- _Aim of the exercise_: In the listing that follows, retype every line from the first through the one containing "ebay.com/itm/2349500673…". Pictures are to be left out.

<<<<

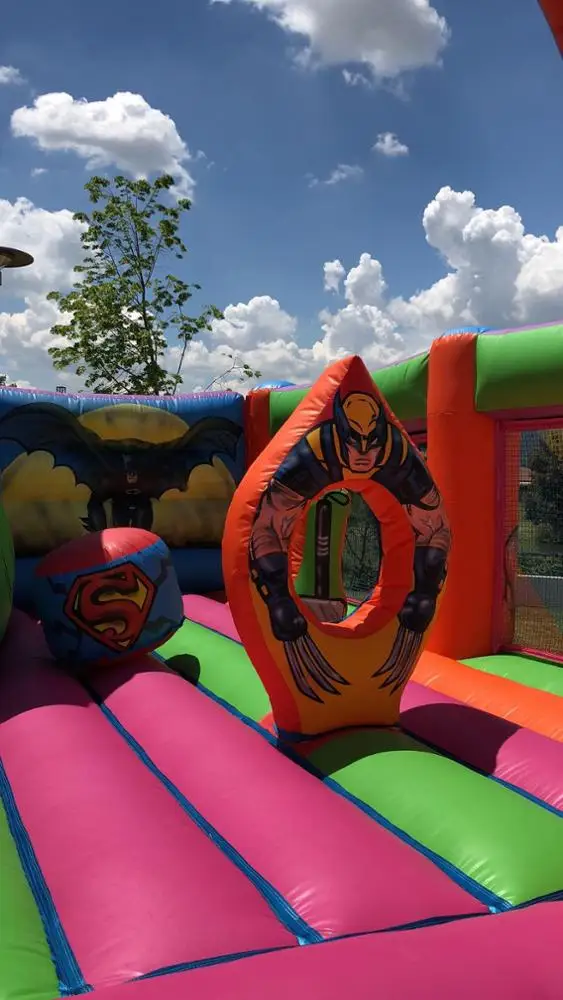 
Amusement park giant supper hero theme inflatable bouncy castle funny inflatable fun city air jumping obstacle 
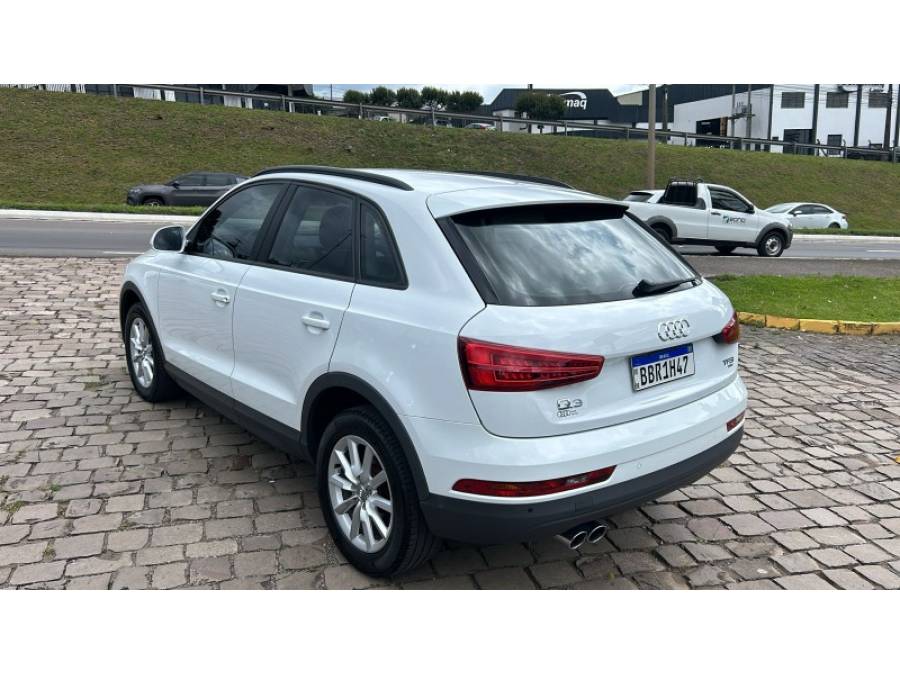 AUDI - Q3 - 2016/2017 - Branca - R$ 95.000,00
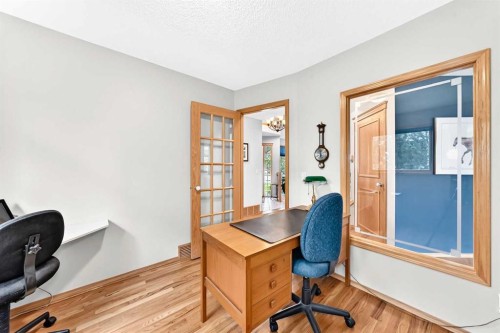 69 Douglas Woods Manor Se, Calgary, AB 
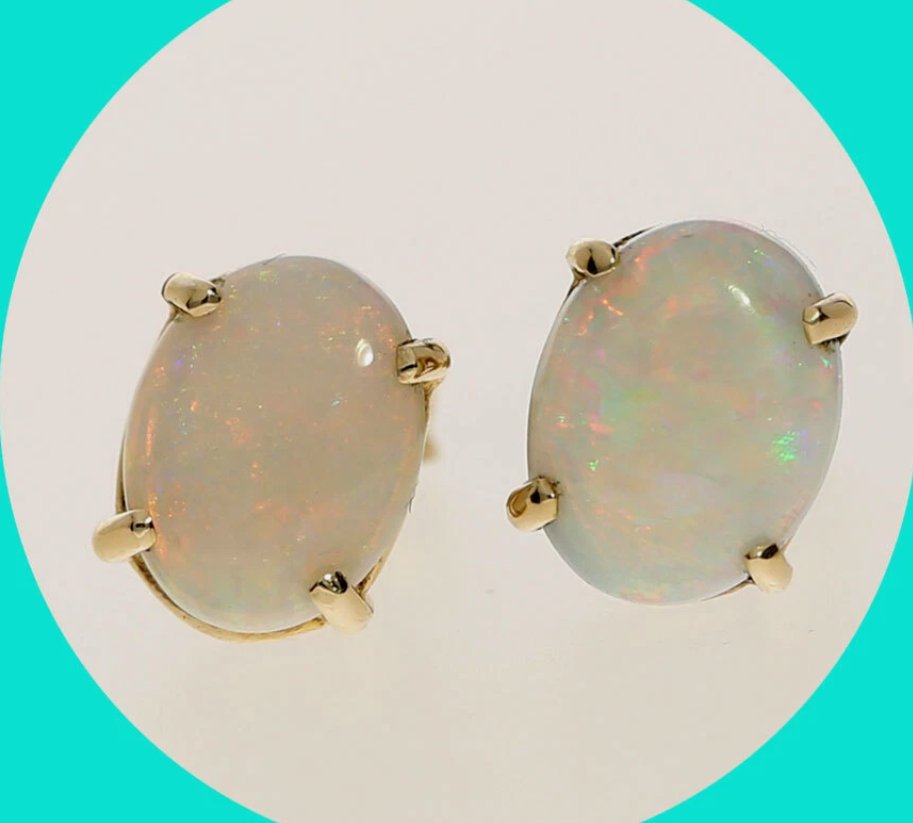 EmpirePawn's tweet image. ✨ Timeless &amp;amp; Luminous ✨
These 14K yellow gold drop stud earrings feature 1.94CT of natural opals glowing with prismatic hues. A classic celebration of October’s enchanting birthstone.
#OpalEarrings #OctoberBirthstone #Opals #OpalGlow
ebay.com/itm/2349500673…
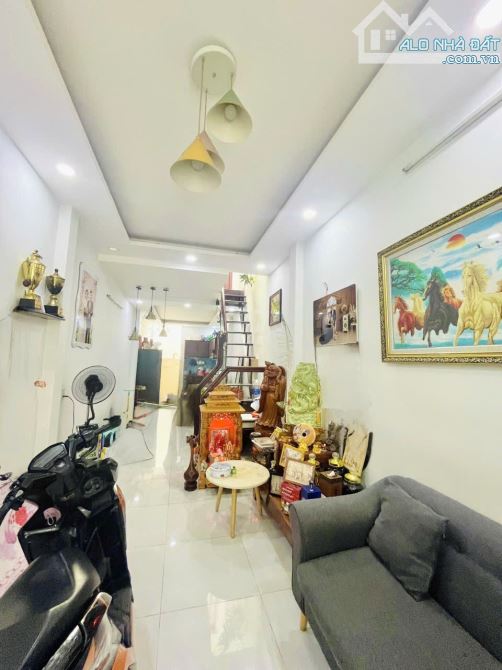 Bán nhà 2 tầng mới hẻm xe hơi gần 50m2 Đông hưng thuận quận 12 chỉ 4.x tỷ - 3
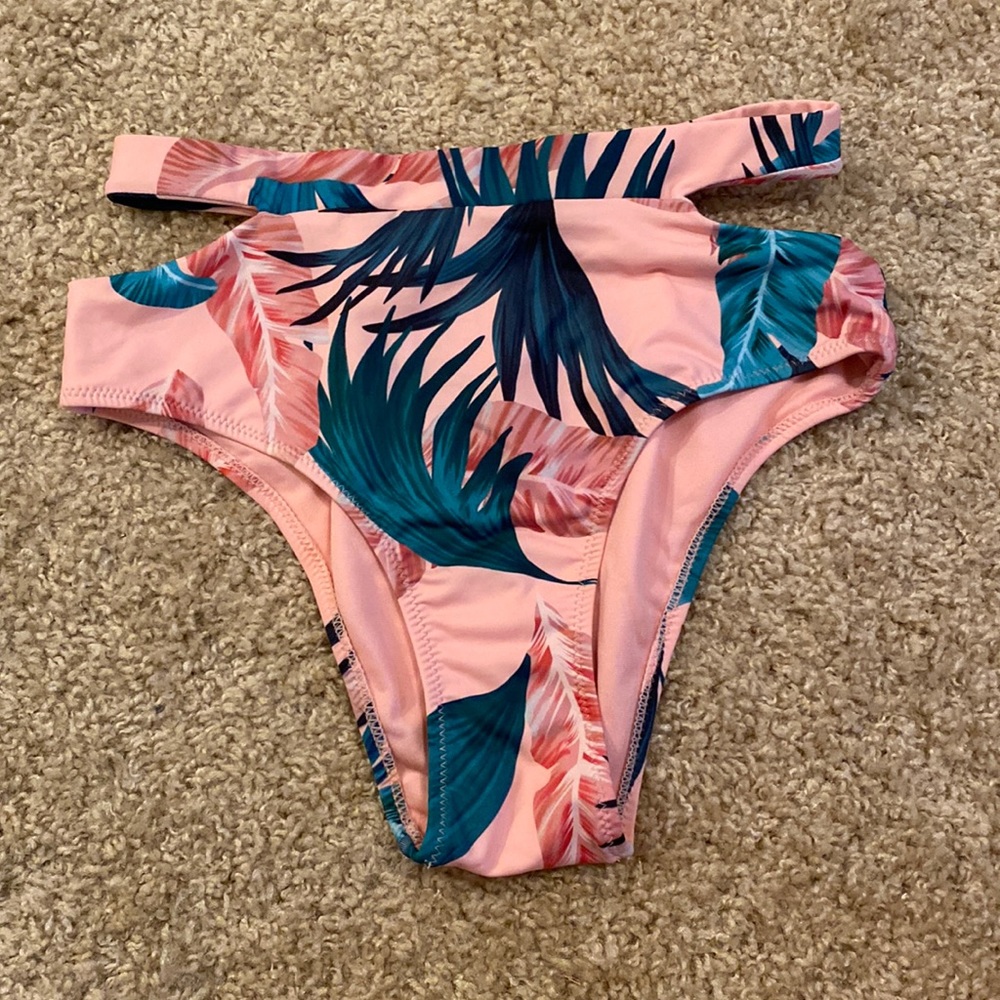 Bikini bottoms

>>>>

- _Answer space_:
Amusement park giant supper hero theme inflatable bouncy castle funny inflatable fun city air jumping obstacle 
 AUDI - Q3 - 2016/2017 - Branca - R$ 95.000,00
 69 Douglas Woods Manor Se, Calgary, AB 
 EmpirePawn's tweet image. ✨ Timeless &amp;amp; Luminous ✨
These 14K yellow gold drop stud earrings feature 1.94CT of natural opals glowing with prismatic hues. A classic celebration of October’s enchanting birthstone.
#OpalEarrings #OctoberBirthstone #Opals #OpalGlow
ebay.com/itm/2349500673…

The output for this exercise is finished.